NEW DELHI, India India said its missiles were "in position," air force jets flew near the Pakistan border every few minutes and frontier forces exchanged gunfire Wednesday as the two nuclear-armed nations prepared for a war both say they don't want.
India's Cabinet Committee on Security was meeting Wednesday evening to discuss further diplomatic pressure on Pakistan, including a possible ban on Pakistan airline flights, abrogation of a water treaty, downgrading of embassies, and cancellation of Pakistan's "most favored nation" trading status.
"Missile systems are in position," Defense Minister George Fernandes told Press Trust of India. India's arsenal includes medium-range Russian missiles and the Indian-made Prithvi I, which can be fired from a mobile launcher and has a range of 93 miles.
Pakistan and Indian news media reported that Pakistani missiles including medium-range Chinese-made weapons had also been put on alert, while troops on both sides moved toward the border.
Pakistani soldiers camouflage an anti-aircraft gun near the Karachi port on December 26, 2001, as the tension between India and Pakistan rises. With the neighbors who have fought three wars exchanging fire across their border and civilians in the area fleeing their homes, India's defense minister said his country's missile systems were 'in position.' (Zahid Hussein/Reuters)

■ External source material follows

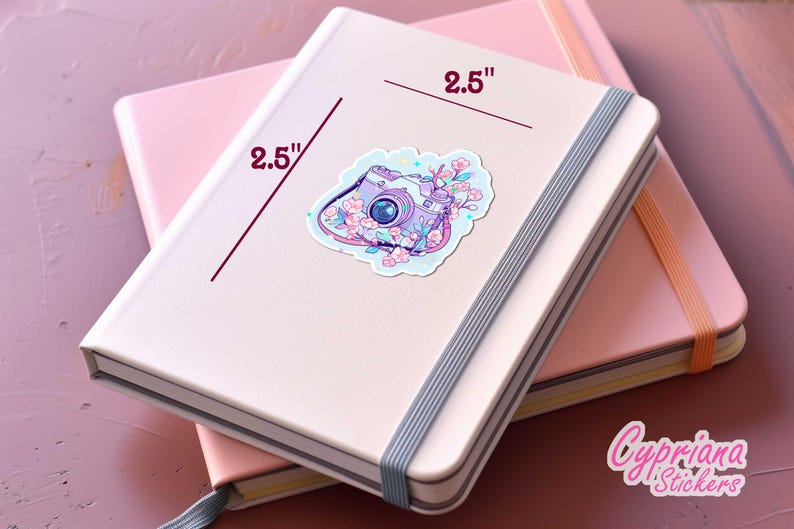 May include: A light pink notebook with a 2.5-inch sticker of a purple camera surrounded by flowers. The sticker is on top of another pink notebook. The notebooks are on a pink surface. The sticker is from Cypriana Stickers.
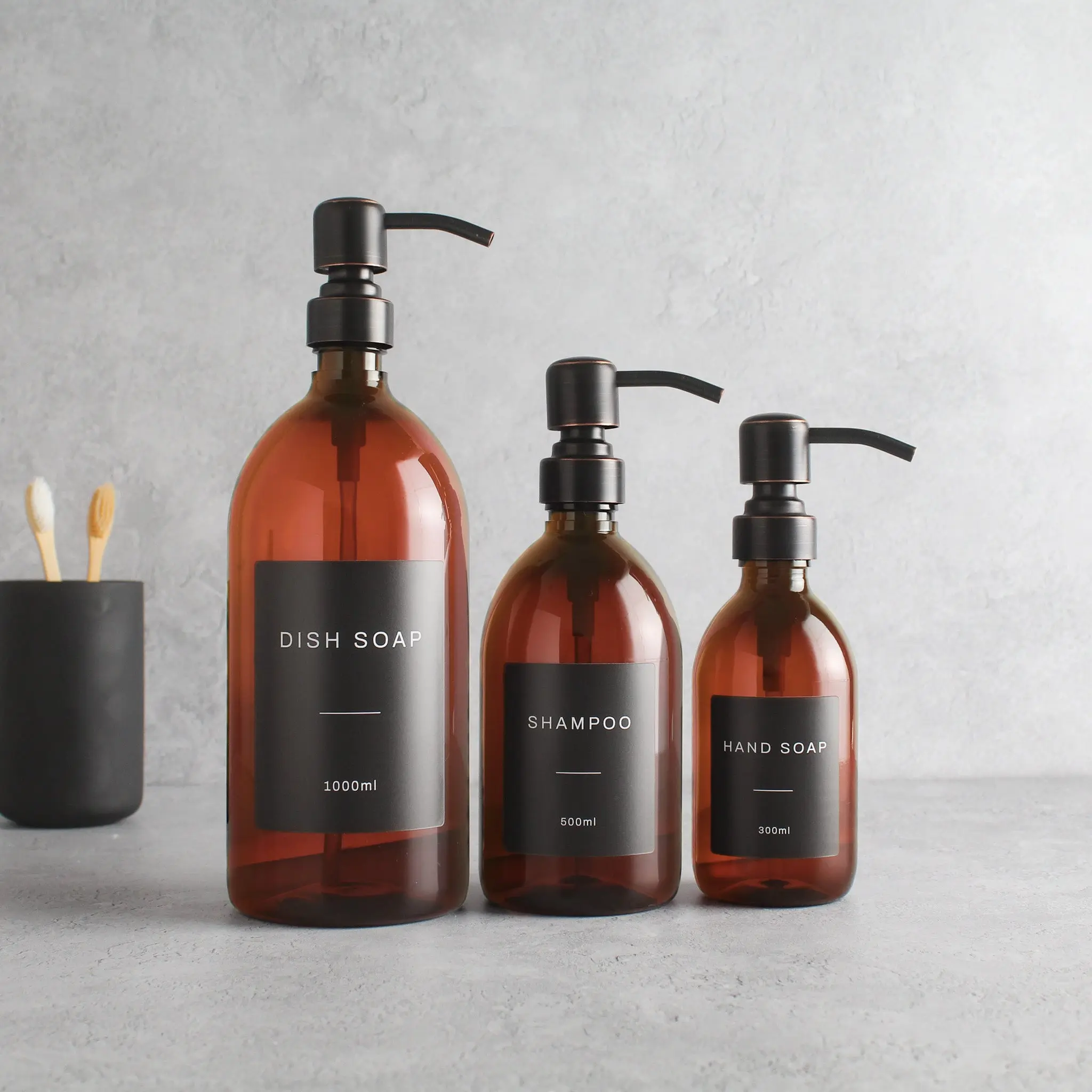 Labelled Amber Plastic Dispenser Bottle With Black/Copper Pump - Image 2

Both sides' missile systems can be converted to deliver nuclear warheads, but it is not clear whether such steps have been taken.
Pakistan's president, Gen. Pervez Musharraf, warned against India against any military action, saying Tuesday that Pakistan's armed forces "are fully prepared and capable of defeating all challenges."
But he also criticized Muslim militants in Pakistan, who he said have "undermined Islam to a level that people of the world associate it with illiteracy, backwardness, intolerance."
India has demanded Pakistan take further steps against two Muslim militant groups that New Delhi accuses of being behind a Dec. 13 gun attack on Parliament that left 14 dead. Tensions between the two countries have spiraled, with India saying Pakistan's spy agency sponsored the attack, a charge Islamabad denies.
There have been daily exchanges of gunfire between the troops, although officials from both sides said the border region was relatively calm Wednesday.
In contrast to previous periods of tension with India, Pakistan has been more cautious with its rhetoric. Officials in Islamabad have declined comment, saying they do not wish to escalate the war of words.
Pakistan's position has been bolstered by its new presence on the world stage, which has increased with its cooperation with the U.S.-led coalition against terrorism.
Pakistan froze the assets of Lashkar-e-Tayyaba and Jaish-e-Mohammed, which India accuses in the Parliament attack and which are battling to end Indian rule in Kashmir. Pakistan also briefly detained the leader of Jaish-e-Mohammed on Tuesday. But New Delhi said the steps fall far short of its demand that the groups' activities be halted and their leaders arrested and handed over to India.
India and Pakistan have fought three wars since their violent division at independence from Britain in 1947. Two of the wars have been over Kashmir, the mostly Muslim Himalayan region that is divided between them. Both claim all of it.
"We do not want war, but war is being thrust on us and we will have to face it," Prime Minister Atal Bihari Vajpayee said at a public address at his residence Tuesday, celebrating his 77th birthday.
India recalled its ambassador from Islamabad and announced plans to shut down train and bus service between the two countries on Jan. 1, saying the diplomatic offensive is intended to pressure Musharraf to take strong action against the guerrillas.
Islamic militants have carried out strikes in the Indian part of the Kashmir region since 1989, fighting for independence or merger with Pakistan in an insurgency that human rights groups say has killed more than 60,000 people. India says the militants have also struck elsewhere, including at Parliament, where 14 people, including five attackers, were killed.
Musharraf condemned the Parliament attack, but said he would take no action without proof against the militants, whom he calls "freedom fighters." He denies that his government helps or has any control over them.
India is also lobbying for international pressure on Pakistan, comparing the militants with the terrorist network that the U.S.-led coalition is fighting in Afghanistan.
Soldiers traveled to the border state of Rajasthan by train Wednesday and air force jets flew over the border town of Jaisalmer every seven minutes.
However, despite anti-aircraft batteries posted at airports and the army turning schools into bunkers, there were signs that war was not the first priority.
A summit of the seven South Asian leaders including Vajpayee and Musharraf remained scheduled for next week in Katmandu, and Nepal said it had assurances that both men intended to come.
News reports quoted Indian military sources as saying they would not be ready for a full-scale war for several months and would prefer to avoid fighting in the winter.